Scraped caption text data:
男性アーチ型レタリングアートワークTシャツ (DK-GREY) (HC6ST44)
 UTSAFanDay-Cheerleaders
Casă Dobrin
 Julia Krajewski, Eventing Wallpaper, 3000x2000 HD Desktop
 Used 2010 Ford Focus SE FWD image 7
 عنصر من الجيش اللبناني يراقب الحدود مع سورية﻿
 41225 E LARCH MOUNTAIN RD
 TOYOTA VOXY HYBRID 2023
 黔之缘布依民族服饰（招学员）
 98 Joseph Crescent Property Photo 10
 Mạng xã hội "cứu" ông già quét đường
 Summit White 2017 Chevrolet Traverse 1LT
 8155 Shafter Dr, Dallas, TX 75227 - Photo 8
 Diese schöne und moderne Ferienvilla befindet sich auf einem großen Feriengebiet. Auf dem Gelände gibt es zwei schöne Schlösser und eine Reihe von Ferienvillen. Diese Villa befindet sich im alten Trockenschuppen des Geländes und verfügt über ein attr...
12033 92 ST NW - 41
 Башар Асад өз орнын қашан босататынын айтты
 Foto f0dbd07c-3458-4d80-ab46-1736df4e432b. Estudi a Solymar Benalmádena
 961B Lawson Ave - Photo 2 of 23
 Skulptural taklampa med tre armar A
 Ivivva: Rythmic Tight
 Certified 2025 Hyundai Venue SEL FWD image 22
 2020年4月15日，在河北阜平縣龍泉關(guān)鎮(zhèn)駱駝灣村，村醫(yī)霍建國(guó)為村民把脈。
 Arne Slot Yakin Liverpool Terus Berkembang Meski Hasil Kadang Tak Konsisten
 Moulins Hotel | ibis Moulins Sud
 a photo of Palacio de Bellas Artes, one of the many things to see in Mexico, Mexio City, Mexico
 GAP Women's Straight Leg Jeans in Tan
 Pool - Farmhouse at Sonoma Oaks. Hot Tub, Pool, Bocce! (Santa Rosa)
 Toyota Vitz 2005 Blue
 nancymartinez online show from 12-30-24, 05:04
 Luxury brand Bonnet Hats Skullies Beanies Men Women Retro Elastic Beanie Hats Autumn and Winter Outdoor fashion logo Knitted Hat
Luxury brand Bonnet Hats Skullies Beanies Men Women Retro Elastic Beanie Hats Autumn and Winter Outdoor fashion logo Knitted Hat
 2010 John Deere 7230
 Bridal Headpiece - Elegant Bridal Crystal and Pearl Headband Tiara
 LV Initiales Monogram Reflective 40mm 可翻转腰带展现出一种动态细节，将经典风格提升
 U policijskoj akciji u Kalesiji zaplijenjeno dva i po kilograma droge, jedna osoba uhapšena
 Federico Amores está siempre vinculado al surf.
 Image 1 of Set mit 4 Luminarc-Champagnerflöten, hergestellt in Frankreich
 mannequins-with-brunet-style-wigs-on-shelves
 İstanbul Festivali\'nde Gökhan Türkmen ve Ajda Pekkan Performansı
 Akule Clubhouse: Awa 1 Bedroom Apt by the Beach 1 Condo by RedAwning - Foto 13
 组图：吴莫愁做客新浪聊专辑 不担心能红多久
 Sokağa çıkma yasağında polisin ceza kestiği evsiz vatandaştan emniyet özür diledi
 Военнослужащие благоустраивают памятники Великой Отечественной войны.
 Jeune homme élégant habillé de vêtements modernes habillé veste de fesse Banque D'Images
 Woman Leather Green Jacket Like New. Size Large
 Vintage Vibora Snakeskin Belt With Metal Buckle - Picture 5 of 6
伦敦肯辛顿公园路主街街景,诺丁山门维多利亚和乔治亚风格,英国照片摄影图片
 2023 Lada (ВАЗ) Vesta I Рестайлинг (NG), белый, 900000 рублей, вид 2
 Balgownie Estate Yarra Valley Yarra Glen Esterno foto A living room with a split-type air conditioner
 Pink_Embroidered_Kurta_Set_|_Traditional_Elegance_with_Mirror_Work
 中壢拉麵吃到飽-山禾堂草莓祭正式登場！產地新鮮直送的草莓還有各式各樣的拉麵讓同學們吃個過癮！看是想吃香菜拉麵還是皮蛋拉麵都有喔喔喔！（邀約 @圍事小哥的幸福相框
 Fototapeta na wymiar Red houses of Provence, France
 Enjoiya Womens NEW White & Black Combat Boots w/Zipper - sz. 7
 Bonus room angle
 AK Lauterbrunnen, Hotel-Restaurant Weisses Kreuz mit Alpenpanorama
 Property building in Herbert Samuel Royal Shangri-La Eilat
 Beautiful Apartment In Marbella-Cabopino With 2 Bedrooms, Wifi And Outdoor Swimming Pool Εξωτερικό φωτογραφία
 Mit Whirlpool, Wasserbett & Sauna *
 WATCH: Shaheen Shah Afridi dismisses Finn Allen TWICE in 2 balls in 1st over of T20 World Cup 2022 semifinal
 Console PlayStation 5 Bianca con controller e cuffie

Instructions for the task: Starting at the line above that contains "41225 E LARCH MOUNTAIN RD", repeat each line exactly up to and including the line that contains "Jeune homme élégant", and stop there.

Answer area:
 41225 E LARCH MOUNTAIN RD
 TOYOTA VOXY HYBRID 2023
 黔之缘布依民族服饰（招学员）
 98 Joseph Crescent Property Photo 10
 Mạng xã hội "cứu" ông già quét đường
 Summit White 2017 Chevrolet Traverse 1LT
 8155 Shafter Dr, Dallas, TX 75227 - Photo 8
 Diese schöne und moderne Ferienvilla befindet sich auf einem großen Feriengebiet. Auf dem Gelände gibt es zwei schöne Schlösser und eine Reihe von Ferienvillen. Diese Villa befindet sich im alten Trockenschuppen des Geländes und verfügt über ein attr...
12033 92 ST NW - 41
 Башар Асад өз орнын қашан босататынын айтты
 Foto f0dbd07c-3458-4d80-ab46-1736df4e432b. Estudi a Solymar Benalmádena
 961B Lawson Ave - Photo 2 of 23
 Skulptural taklampa med tre armar A
 Ivivva: Rythmic Tight
 Certified 2025 Hyundai Venue SEL FWD image 22
 2020年4月15日，在河北阜平縣龍泉關(guān)鎮(zhèn)駱駝灣村，村醫(yī)霍建國(guó)為村民把脈。
 Arne Slot Yakin Liverpool Terus Berkembang Meski Hasil Kadang Tak Konsisten
 Moulins Hotel | ibis Moulins Sud
 a photo of Palacio de Bellas Artes, one of the many things to see in Mexico, Mexio City, Mexico
 GAP Women's Straight Leg Jeans in Tan
 Pool - Farmhouse at Sonoma Oaks. Hot Tub, Pool, Bocce! (Santa Rosa)
 Toyota Vitz 2005 Blue
 nancymartinez online show from 12-30-24, 05:04
 Luxury brand Bonnet Hats Skullies Beanies Men Women Retro Elastic Beanie Hats Autumn and Winter Outdoor fashion logo Knitted Hat
Luxury brand Bonnet Hats Skullies Beanies Men Women Retro Elastic Beanie Hats Autumn and Winter Outdoor fashion logo Knitted Hat
 2010 John Deere 7230
 Bridal Headpiece - Elegant Bridal Crystal and Pearl Headband Tiara
 LV Initiales Monogram Reflective 40mm 可翻转腰带展现出一种动态细节，将经典风格提升
 U policijskoj akciji u Kalesiji zaplijenjeno dva i po kilograma droge, jedna osoba uhapšena
 Federico Amores está siempre vinculado al surf.
 Image 1 of Set mit 4 Luminarc-Champagnerflöten, hergestellt in Frankreich
 mannequins-with-brunet-style-wigs-on-shelves
 İstanbul Festivali\'nde Gökhan Türkmen ve Ajda Pekkan Performansı
 Akule Clubhouse: Awa 1 Bedroom Apt by the Beach 1 Condo by RedAwning - Foto 13
 组图：吴莫愁做客新浪聊专辑 不担心能红多久
 Sokağa çıkma yasağında polisin ceza kestiği evsiz vatandaştan emniyet özür diledi
 Военнослужащие благоустраивают памятники Великой Отечественной войны.
 Jeune homme élégant habillé de vêtements modernes habillé veste de fesse Banque D'Images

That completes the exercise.